The city’s nine-member Council voted unanimously to raise the local minimum wage to $15 an hour.
This is more than double the federal minimum, and pushes Seattle to the forefront of urban efforts to address income inequality.
Public opinion polls show that a minimum wage hike has broad support.
In fact, two-thirds of Americans support raising the minimum wage to $10.10, according to a CBS News/New York Times poll conducted in February.
The poll found that 62 percent of independents and 86 percent of Democrats supported such an increase, while 54 percent of Republicans surveyed said they opposed it.

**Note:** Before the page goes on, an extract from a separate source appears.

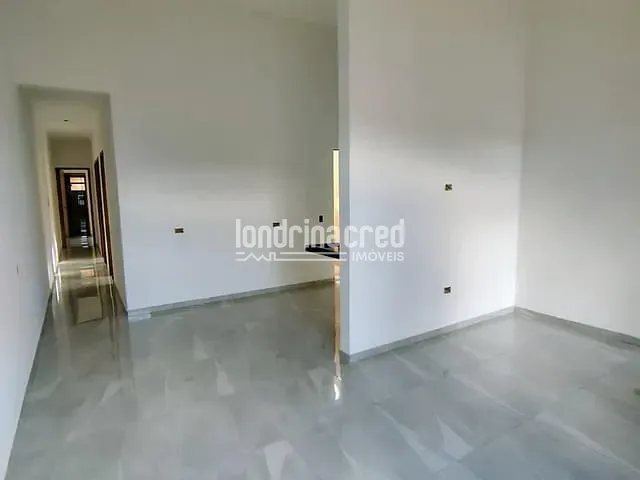 Casa com 125m² 3 quartos e 2 banheiros, à venda, no bairro Conjunto Farid Libos em Londrina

Surprisingly, there now appears to be growing support for raising the minimum wage, granted from some rather unlikely sources.
The 2012 Republican contender for the White House, Mitt Romney, has gone on record as having advocated that “Republicans should hike the minimum wage.”

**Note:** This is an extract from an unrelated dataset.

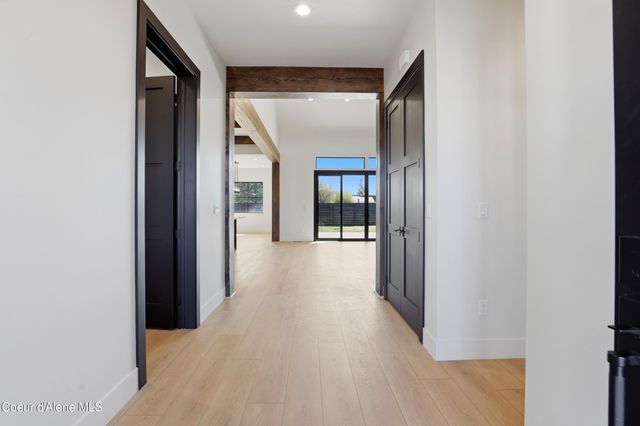 11006 N Armonia WAY, Hayden, ID 83835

Romney has voiced similar ideas in the past, saying on the campaign trail in 2012 that he thought the minimum wage should be indexed to inflation so that it automatically rises with inflation.

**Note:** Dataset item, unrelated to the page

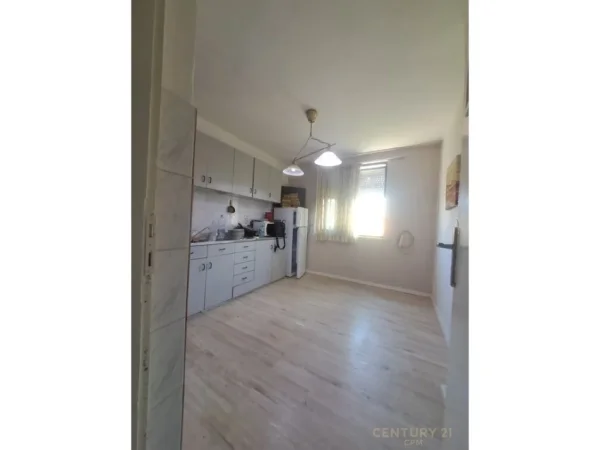 Tirane, shes apartament 2+1+Aneks+Ballkon Kati 4, 68 m² 160.000 € (Kafe Flora)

While other 2012 presidential contenders, former Minnesota Governor Tim Pawlenty and ex-Sen. Rick Santorum of Pennsylvania, have also indicated that they supported a smaller minimum wage increase.
Romney, Santorum and Pawlenty say that by refusing to publicly advocate a minimum wage increase, congressional Republicans are ceding the national dialogue to Democrats on an issue that consistently draws majority support in polls.
Minimum wage employers, like McDonald’s and Walmart, have long contended that raising the minimum wage would “absolutely” kill jobs and hurt businesses.
There is little evidence, however, that raising the minimum wage kills jobs.
Many studies have shown that raising the wage doesn’t have a negative impact on job growth.
In fact, it can actually help businesses by raising productivity, lowering turnover, and increasing demand for products from workers with more money in their pockets.
An analysis of state minimum wage increases found that those with a raise had above average job growth.
There are also real-life examples of companies that manage to pay higher wages and stay in business.
In the fast food sector, the In-N-Out burger chain starts employees at $10.50 an hour. At Dicks Drive-In in Seattle, workers start at $10 per hour. Moo Cluck Moo, a burger chain in Detroit, pays $12 an hour.
In retail, Walmart competitor Costco pays $21.96 an hour on average, while Idaho-based WinCo pays more than $11 an hour with good benefits while beating Walmart prices.
In truth, every time the minimum wage is raised the economy does better universally.
As I have said on more than one occasion, raising the minimum wage is a “no-brainer.”
Municipalities and states around the country should follow Seattle’s lead.
Truth be told, if the minimum wage had tracked workers’ rising productivity, the current minimum wage would be closer to $22 an hour.